Isn’t that a great passage?
Here is what Amazon says about the collection:
The interconnected stories follow the arc of a life span, beginning with the memory of a summer evening in 1970 in smalltown North Carolina. Running in a pack, the neighborhood children follow the mosquito truck and get high on its fumes, talk about murder and suicide, and swim clandestinely in a motel pool. The way these seventh graders deal with their impulses and fears foreshadows their way of handling life’s crises as adults. Their candid voices, the foundation of any McCorkle fiction, are heard in the remaining 11 stories. In "Snipe," six-year-old Caroline realizes how vulnerable her bullying older brother is. "Chickens" features another unmasking, this one performed by the narrator, a woman on her honeymoon with perhaps the wrong man. In "Hominids," the husbands duke it out for the role of Alpha Male at a reunion, while the wives retreat to the kitchen. This is all background to the narrator’s recollection of her sympathetic reaction to a model of Lucy at the science museum. McCorkle’s two chief strengths are her earthiness and her command of narrative voices, and she is at the top of her game here. The stories are at once intricate and compulsively readable, redolent of the small failures and triumphs of human life.
McCorkle also wrote The Cheerleader, which is about "a girl who knows what to be and how to be it-straight-A student, cheerleader, May Queen, popular and cute and virginal, and in perfect control. But halfway through her first year in college in the early seventies, her carefully normal life explodes and she comes completely undone. In The Cheerleader, Jo Spencer looks back, as if she were watching reruns of old syndicated TV shows, to figure out what happened."
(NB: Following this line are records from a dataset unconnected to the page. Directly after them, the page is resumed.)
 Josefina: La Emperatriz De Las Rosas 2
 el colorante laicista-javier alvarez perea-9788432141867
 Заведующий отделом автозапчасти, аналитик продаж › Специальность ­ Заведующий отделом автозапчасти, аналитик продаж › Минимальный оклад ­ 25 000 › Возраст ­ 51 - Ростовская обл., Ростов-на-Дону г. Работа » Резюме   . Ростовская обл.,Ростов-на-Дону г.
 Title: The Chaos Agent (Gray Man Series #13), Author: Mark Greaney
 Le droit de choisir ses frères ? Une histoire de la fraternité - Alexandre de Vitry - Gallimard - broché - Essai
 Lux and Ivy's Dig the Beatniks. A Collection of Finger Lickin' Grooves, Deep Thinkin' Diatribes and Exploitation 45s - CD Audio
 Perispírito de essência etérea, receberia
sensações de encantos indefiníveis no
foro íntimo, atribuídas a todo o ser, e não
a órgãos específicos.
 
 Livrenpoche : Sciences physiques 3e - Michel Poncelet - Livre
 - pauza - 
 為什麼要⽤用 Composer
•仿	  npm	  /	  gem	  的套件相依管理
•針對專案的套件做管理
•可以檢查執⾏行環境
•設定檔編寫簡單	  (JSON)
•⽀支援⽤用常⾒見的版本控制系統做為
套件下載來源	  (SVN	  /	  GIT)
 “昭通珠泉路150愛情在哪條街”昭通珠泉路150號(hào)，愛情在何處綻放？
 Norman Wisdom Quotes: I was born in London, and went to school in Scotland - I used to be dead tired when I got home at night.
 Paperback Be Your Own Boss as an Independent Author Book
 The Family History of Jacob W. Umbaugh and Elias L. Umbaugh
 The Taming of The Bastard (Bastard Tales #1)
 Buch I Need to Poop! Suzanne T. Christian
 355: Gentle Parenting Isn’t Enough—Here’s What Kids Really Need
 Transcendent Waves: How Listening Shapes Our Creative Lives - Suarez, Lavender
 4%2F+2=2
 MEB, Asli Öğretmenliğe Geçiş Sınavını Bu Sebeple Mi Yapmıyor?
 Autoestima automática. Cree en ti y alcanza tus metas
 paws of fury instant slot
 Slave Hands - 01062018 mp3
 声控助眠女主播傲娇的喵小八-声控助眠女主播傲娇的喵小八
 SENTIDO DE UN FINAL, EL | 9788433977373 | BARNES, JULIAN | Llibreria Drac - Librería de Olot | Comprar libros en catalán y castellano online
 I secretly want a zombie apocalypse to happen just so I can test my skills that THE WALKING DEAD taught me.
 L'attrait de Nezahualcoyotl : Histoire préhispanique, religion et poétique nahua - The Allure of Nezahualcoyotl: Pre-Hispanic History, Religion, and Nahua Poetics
And here’s another collection of stories: Crash Diet. From Amazon:
In this peppery, potent collection, 11 memorable women, ranging from high school student to retiree, confide details of troubled relationships. Without fail, their voices, hopes and sorrows hit the mark; it’s easy to empathize with them and to uneasily recall moments when our own lives have mirrored theirs. Optimism and sorrow are here in equal measure: the title story’s chronic dieter, abandoned by her husband, surprises herself by coping with marital crisis and unwittingly losing weight. The selective, feisty narrator of "Man Watcher" admits that her search for a male partner may be a "snipe hunt," the undeniably odd main character of "Comparison Shopping" learns with dismay that a couple on The New Newlywed Game consider her their "weirdest friend," and the teenage heroine of "Carnival Lights" discovers that the hottest gossip in town is about her boyfriend’s mom. In the wrenching "Departures," an inconsolable widow spends time utterly alone in busy airports and malls, and in "Waiting for Hard Times to End," a girl worries when an expected postcard from her freewheeling, fearless older sister fails to arrive. McCorkle imbues her capable women with extraordinary depth and dimension, and she resolves their situations with enchanting grace and wit.
How have I never heard of this author before? Have any of you read anything by Jill McCorkle before?